The problem ::
Within the entries below, please return exactly the lines from the one with "Hi, my name" through the one with "The Model 35", leaving out any pictures.

Collected data entries:
____

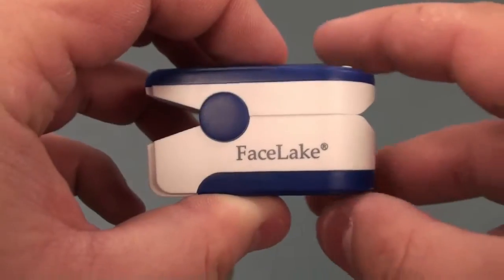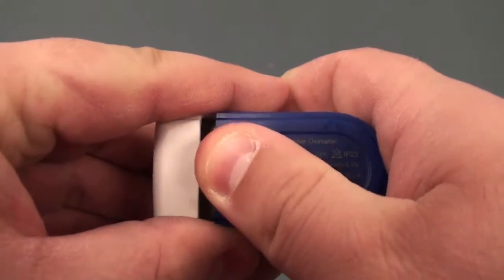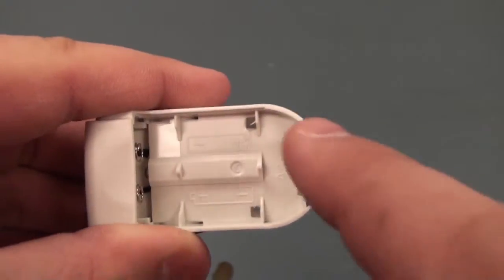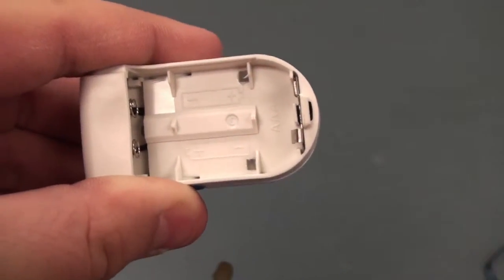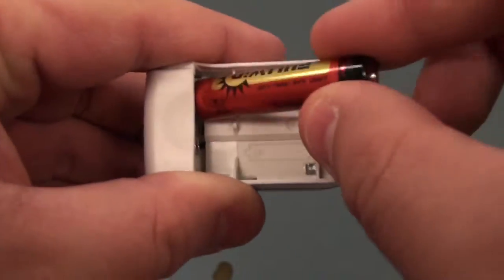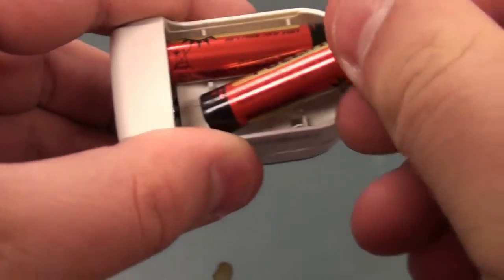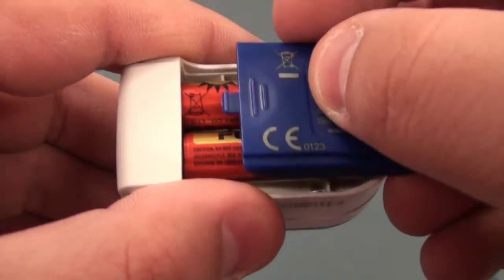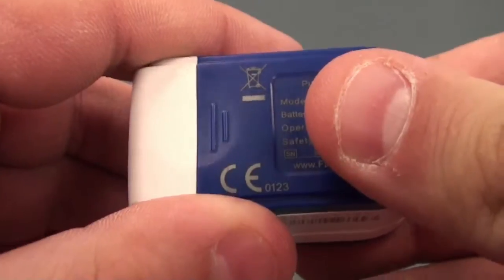To install the batteries, flip the device over and carefully slide the backing off. Inside the device, you'll see a plus minus picture showing the directions of the batteries. Install the batteries as the device asks, and place the battery cover back on and slide into place.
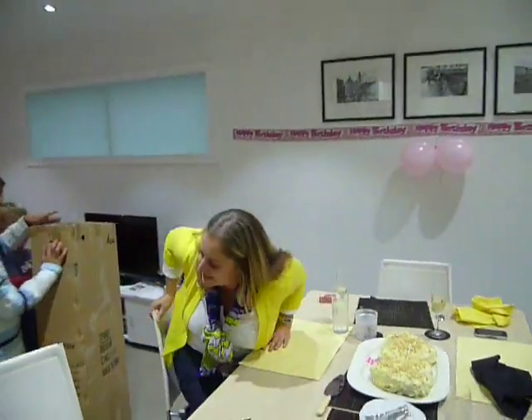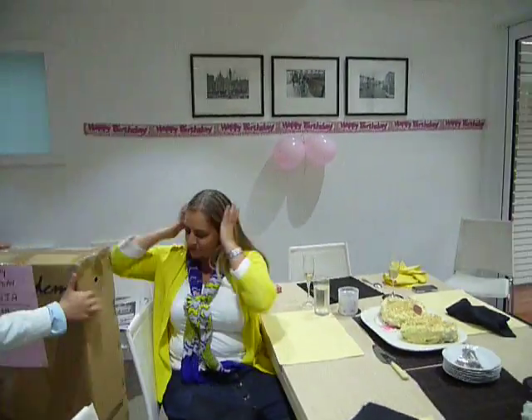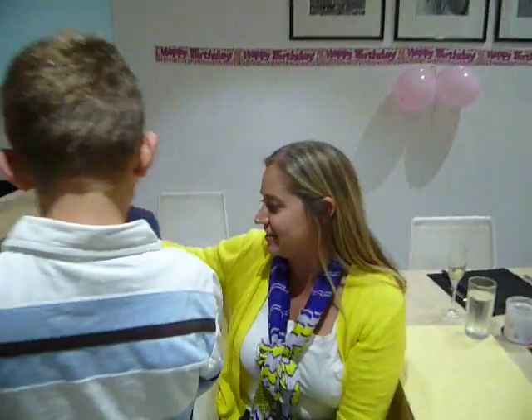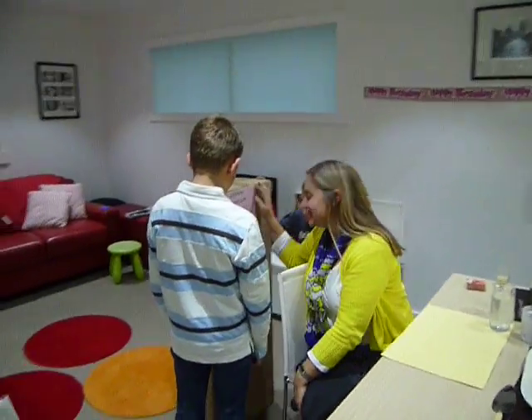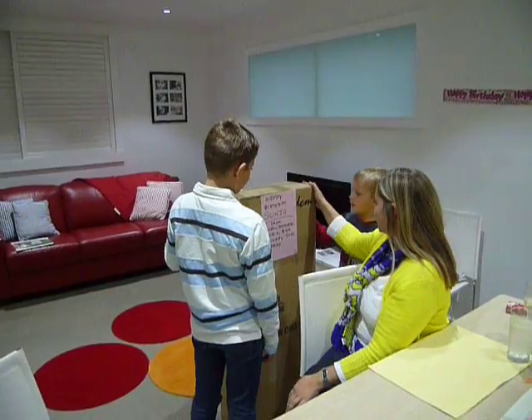A Christmas tree? Turn around — there's a sign on the other side. It looks like a Christmas tree. I don't know what it is. It looks like a Christmas tree box.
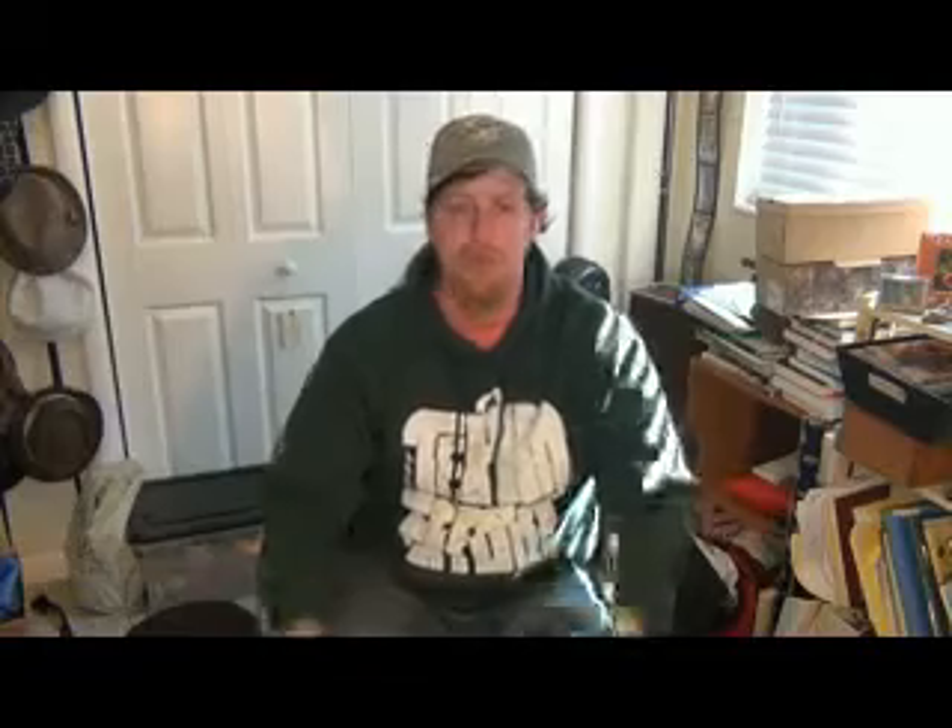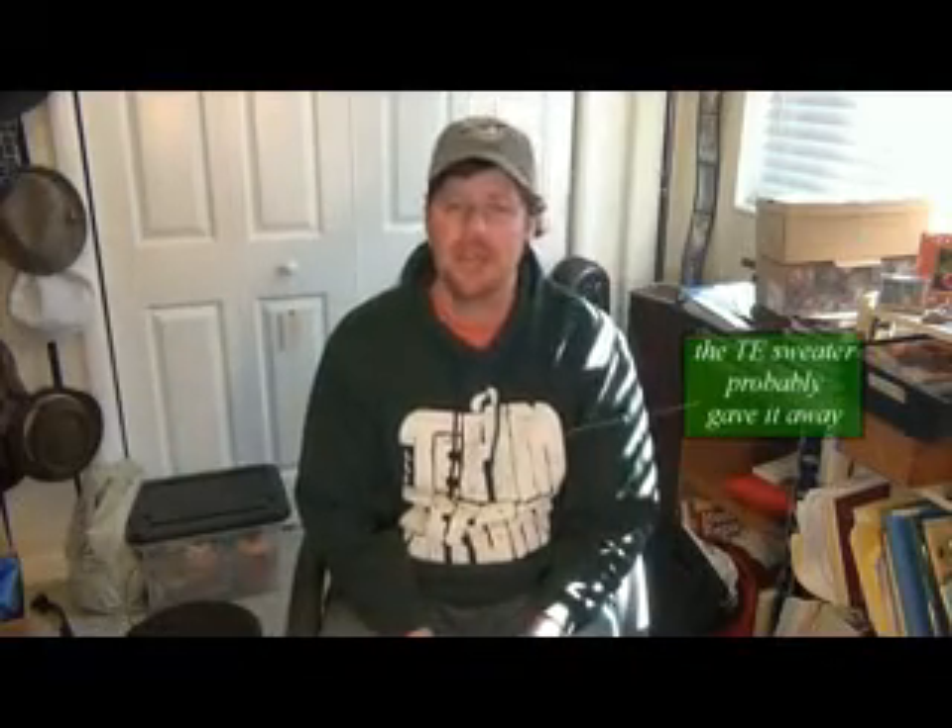Hi, my name is Jeremy. I work in the team effort office. I'm very excited that you guys are going to be joining us this summer. We have an opportunity for you.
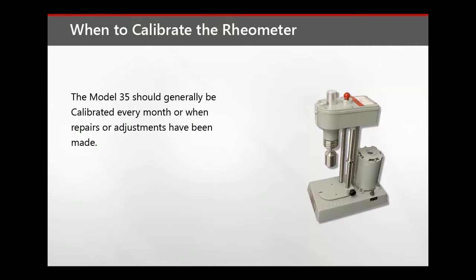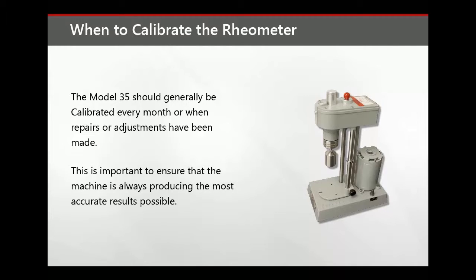The Model 35 should generally be calibrated every month, or when repairs or adjustments have been made. This is important to ensure that the machine is always producing the most accurate results possible.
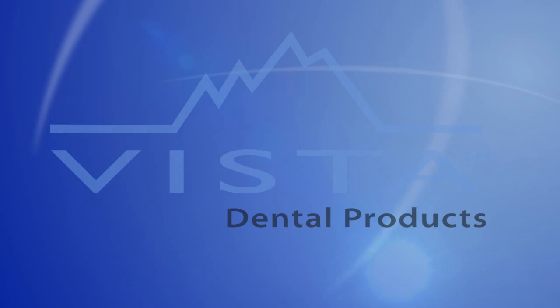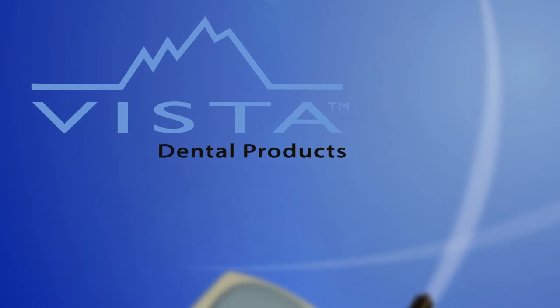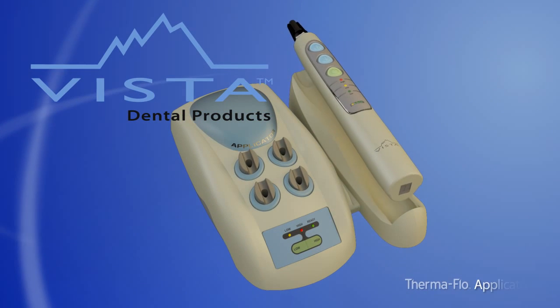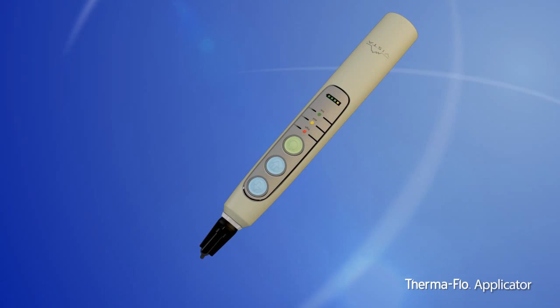Vista Dental is revolutionizing resin restoration procedures with the Thermaflow applicator. This product is uniquely engineered to heat composite material, improving the flowability of highly filled composites by more than 100%.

____

Result of the task ::
Hi, my name is Jeremy. I work in the team effort office. I'm very excited that you guys are going to be joining us this summer. We have an opportunity for you.
The Model 35 should generally be calibrated every month, or when repairs or adjustments have been made. This is important to ensure that the machine is always producing the most accurate results possible.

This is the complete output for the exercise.